===== Data provided

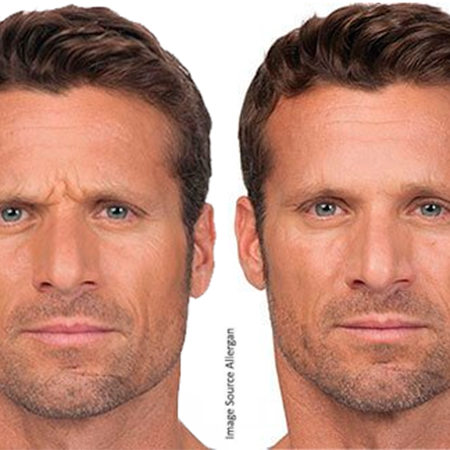 Botox for Men - Rejuvenation Clinic Vienna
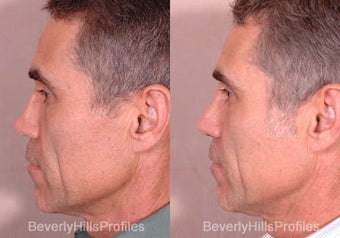 Revision Rhinoplasty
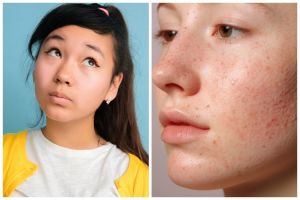 9 Perbedaan azelaic acid skincare dan benzoyl peroxide, mana yang paling ampuh atasi jerawat?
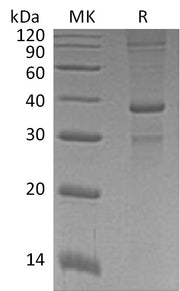 Recombinant Human ASXL1 (N-GST)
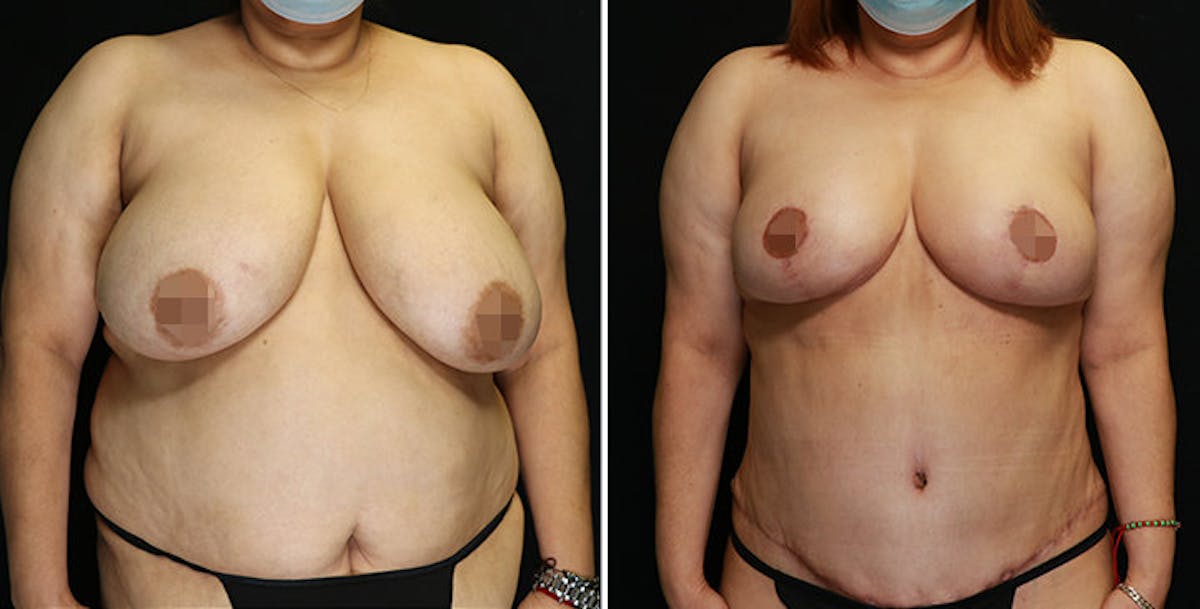 Mommy Makeover Before & After Gallery - Patient 328434 - Image 2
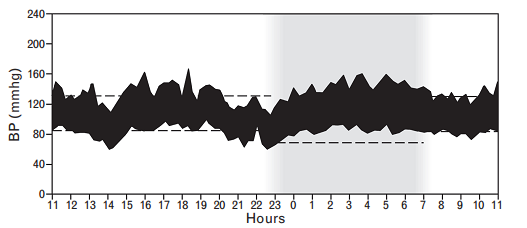 Νυκτερινή πτώση ΑΠ (Dipping) Υπέρταση κατά την ημέρα με διατήρηση της νυκτερινής πτώσης BP constantly elevated during daytime (awake) time, with low night-time (asleep) BP. Clinic BP at 146/86 mmhg.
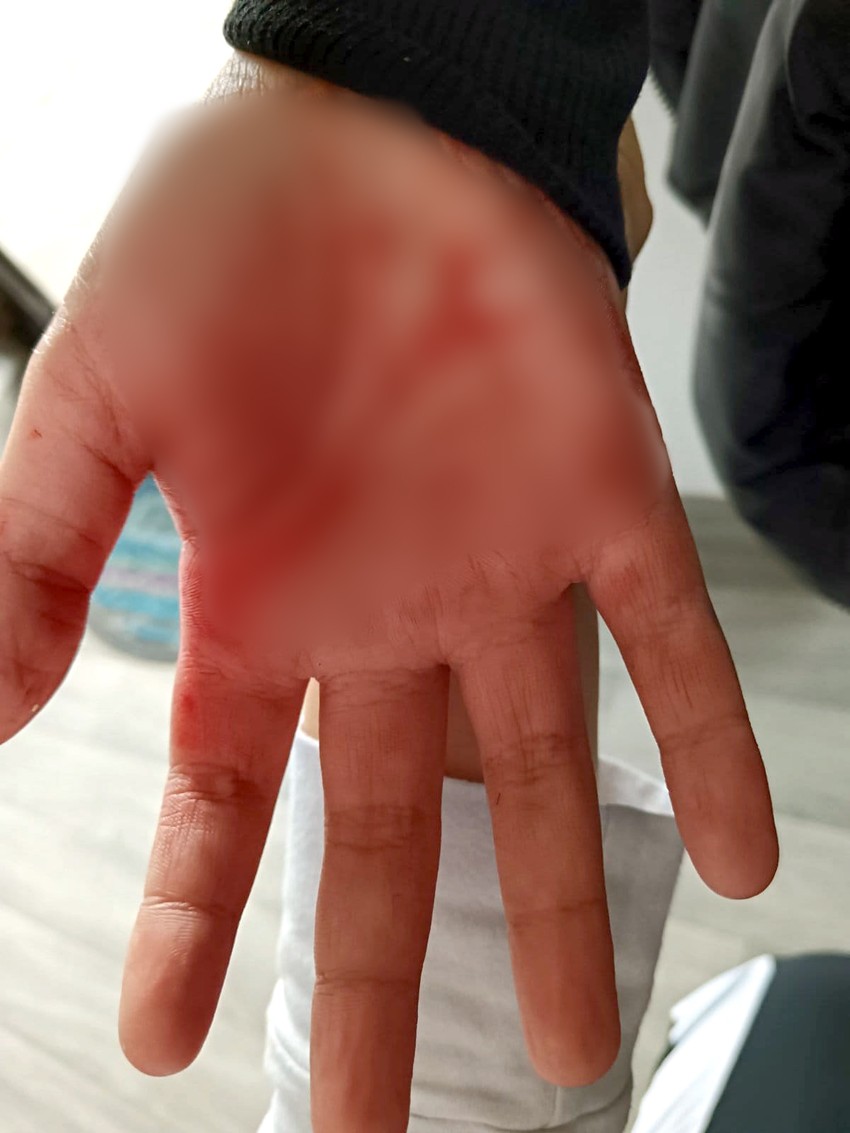 V.S, učenik iz Vlasotinca, vršnjačko nasilje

==========

● What the task asks
Could you write out the records exactly while omitting every picture?

● Finished task
 Botox for Men - Rejuvenation Clinic Vienna
 Revision Rhinoplasty
 9 Perbedaan azelaic acid skincare dan benzoyl peroxide, mana yang paling ampuh atasi jerawat?
 Recombinant Human ASXL1 (N-GST)
 Mommy Makeover Before & After Gallery - Patient 328434 - Image 2
 Νυκτερινή πτώση ΑΠ (Dipping) Υπέρταση κατά την ημέρα με διατήρηση της νυκτερινής πτώσης BP constantly elevated during daytime (awake) time, with low night-time (asleep) BP. Clinic BP at 146/86 mmhg.
 V.S, učenik iz Vlasotinca, vršnjačko nasilje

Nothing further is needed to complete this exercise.